As discussed in part 1, we identified problems with the definition of data siloing resulting from the proliferation of individual service, app etc specific database.
These siloed databases have massive amounts of overlapping content but generally can not be semantically matched and used together. This is preventing consolidation and unification of the data which then leads not only to more proliferation and irreconcilable duplication of data but also actively prevents more expansive application and analytics of that data to be created.
To start solving this data siloing problem we investigate, initially, two aspects to enable de-isolation of data:
- linkability of identifiers
- interoperability of semantics
In this posting I'll concentrate on identifiers and discuss semantic interoperability in a later part.
Identifiers really mean the primary keys used over the plurality of sioled data sets. These come in a number of forms: user IDs, email (typically as username), device IDs, session IDs etc as well as encrypted, hashed and processed versions of these. Additionally structured or compound variants add to the complexity.
As a privacy person I could also mention so called anonymous data sets where identifiers can be inferred from other properties such as consistent locations over the data - something I tend to explain as the "2 location problem" where no personal identifiers are stored but a number of locations, eg: start and end points in navigation routes could be used as inferred identifiers.
Aside: Making this more interesting is profiling based upon a deeper, more semantic investigation on the contents irrespective of the key or identifier present in the database, cf: AOL search logs. We do not discuss this here at this time.
The main problems regarding linkability are:
- · the semantics of the identifier
- · the structure of the identifier
- · the representation of the identifier
The semantics of an identifier relate to which concepts that identifier represents. Taking unique user identifiers, for example, usernames, we need to understand how these relate to a person. It is often taken for granted that that user identifier equals unique person. Similarly with device identifiers and addresses such as IP addresses being equated with a single machine.

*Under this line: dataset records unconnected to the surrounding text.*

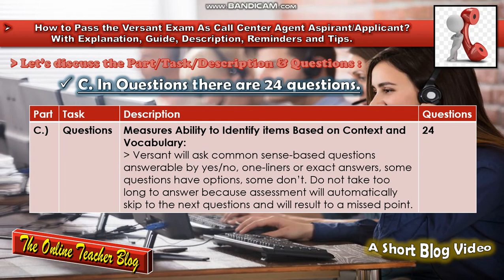In Part C, Questions, there are 24 questions. This section measures the ability to identify items based on context and vocabulary. Versant will ask common-sense based questions answerable by yes or no, one-liners or exact answers. Some questions have options, some don't. Do not take too long to answer, as the assessment will automatically skip to the next question and result in a missed point.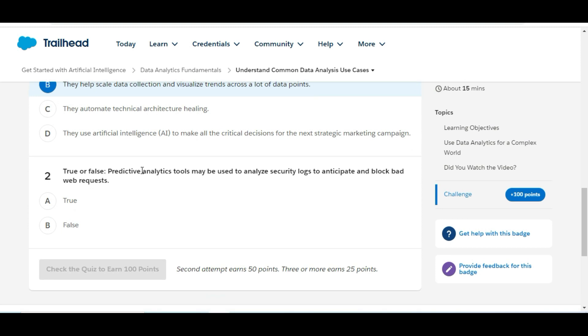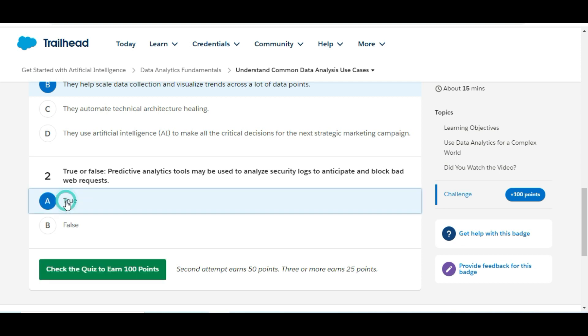Let's move to the second one — true or false: predictive analytics tools may be used to analyze security logs to anticipate and block bad web requests. Yes, that's true. Predictive analytics tools may be used to analyze security logs.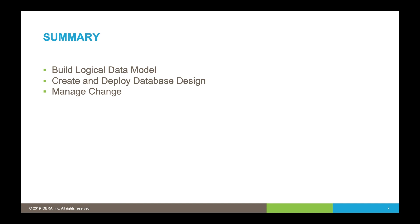This will allow us to create and deploy a design for our database. Once we forward engineer the database for the first pass, new requirements will crop up, so we need to be able to manage change.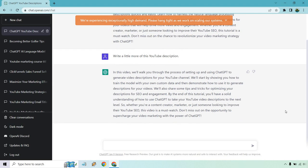So if we wanted more, obviously this is just another way of getting more content to continue writing. It's definitely going a little slower. In this video we'll walk you through the process of setting up and using ChatGPT to generate video descriptions for your YouTube channel. We'll start by showing you how to train the model with your own custom data and then demonstrate how to use it to generate descriptions for your videos.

For example, we might have a structured or compound identifier containing a user ID which is matched against one device ID which is further composed of individual session IDs. We might also form a view of the real-world as shown in green. The red dashed lines show how we relate our identifier concepts with real-world concepts.
Note how what we a seemingly simple mapping now be complicated by other factors such as whether the device ID identifier refers to something the identifier user owns or uses. There is also an interesting mismatch between the multiplicities in the identifier structure and the real-world. We can argue that the above is a poor model of the real-world, but it serves the purpose to focus discussion on what we want the identifiers to actually identify.

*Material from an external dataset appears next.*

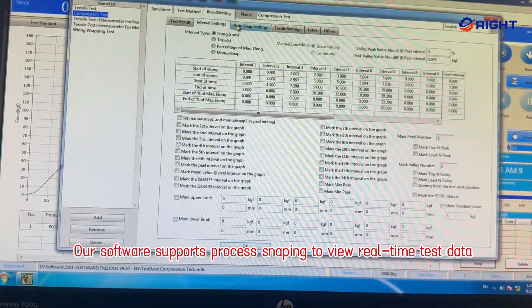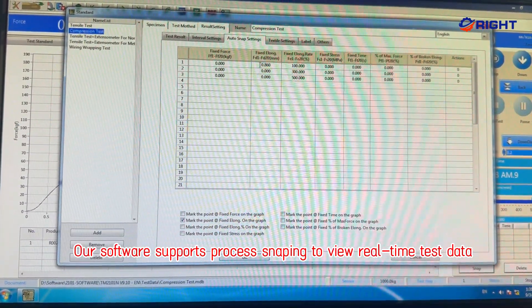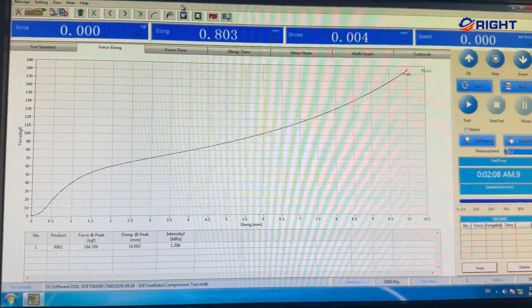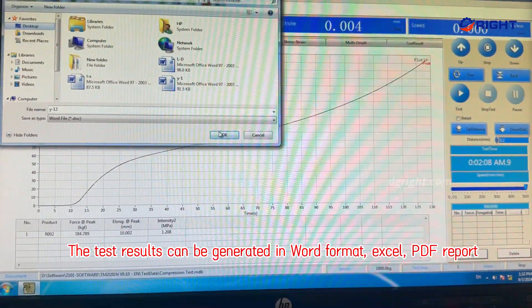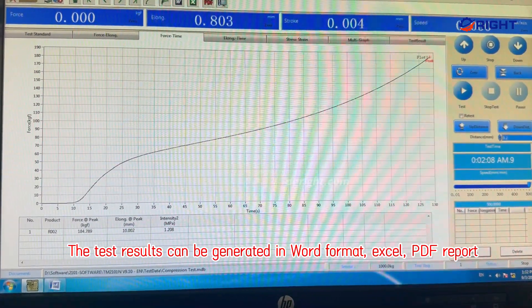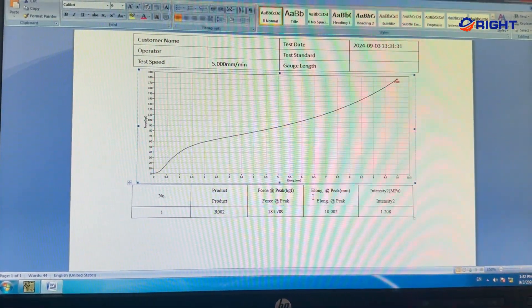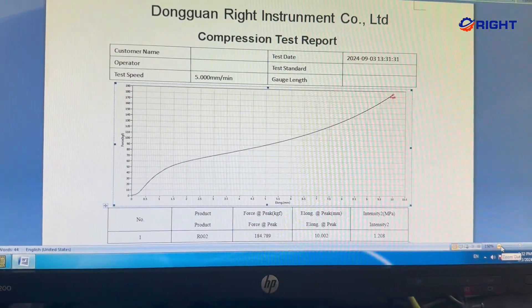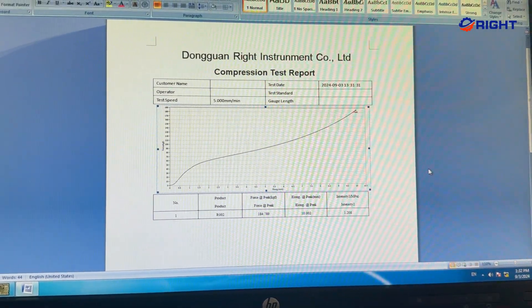Our software supports process snapping to view real-time test data. The test results can be generated in Word format, Excel, or PDF report.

Identifying the real-world concepts and then understanding how the identifiers’ semantics are grounded in these gives us our first clue into what can and cannot be successfully unified. This process has to be repeated for each individual data set or asset being considered and assurance sought that the semantics or real-world mappings do coincide sufficiently such that we can be sure that the pairs of identifiers are really referring to the same concepts, ie: they are both identifying the same things at the same level of granularity.
The structure of the identifier refers to whether that identifier acts as a compound key. Typically often seen is a mix of, say, user identifiers, device identifiers and session identifiers. While we might have identified a mix of many-to-many relationships between the real-world concepts, at this level we start to see some kind of invariants over that structure. Ideally this should refine the space of configurations of identifiers to real-world concepts.
Additionally we also have to look at the temporal aspect of the identifiers: does there exist a strong compositional structure versus a looser aggregate structure over time?
Note that we actually encounter the structure when working out the semantics, we present it second however to emphasise concentration on the semantics of the identifiers not their internal construction.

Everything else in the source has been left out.